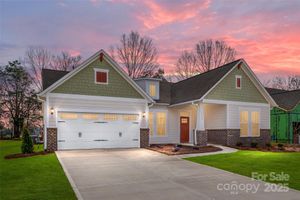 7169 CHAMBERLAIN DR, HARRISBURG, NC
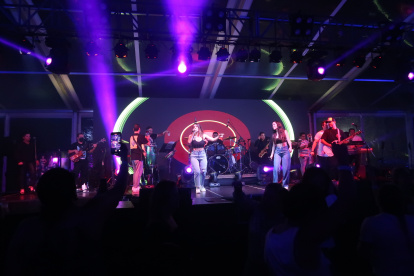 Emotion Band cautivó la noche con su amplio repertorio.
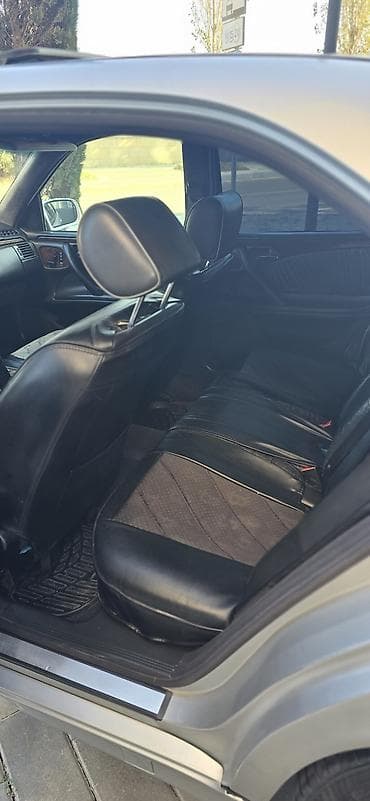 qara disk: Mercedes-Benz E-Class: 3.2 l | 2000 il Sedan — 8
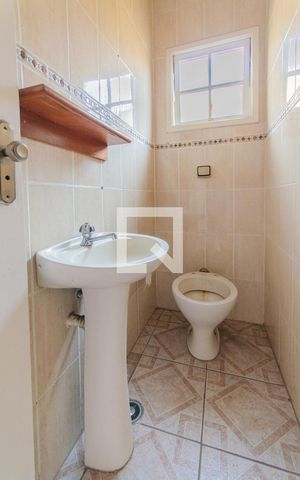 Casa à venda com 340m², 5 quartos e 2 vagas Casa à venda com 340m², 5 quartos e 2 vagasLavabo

### Requirement
From the line containing "qara disk: Mercedes-Benz" down to the final line of the material above, reproduce each line exactly and include no images.

### Solution for this problem
 qara disk: Mercedes-Benz E-Class: 3.2 l | 2000 il Sedan — 8
 Casa à venda com 340m², 5 quartos e 2 vagas Casa à venda com 340m², 5 quartos e 2 vagasLavabo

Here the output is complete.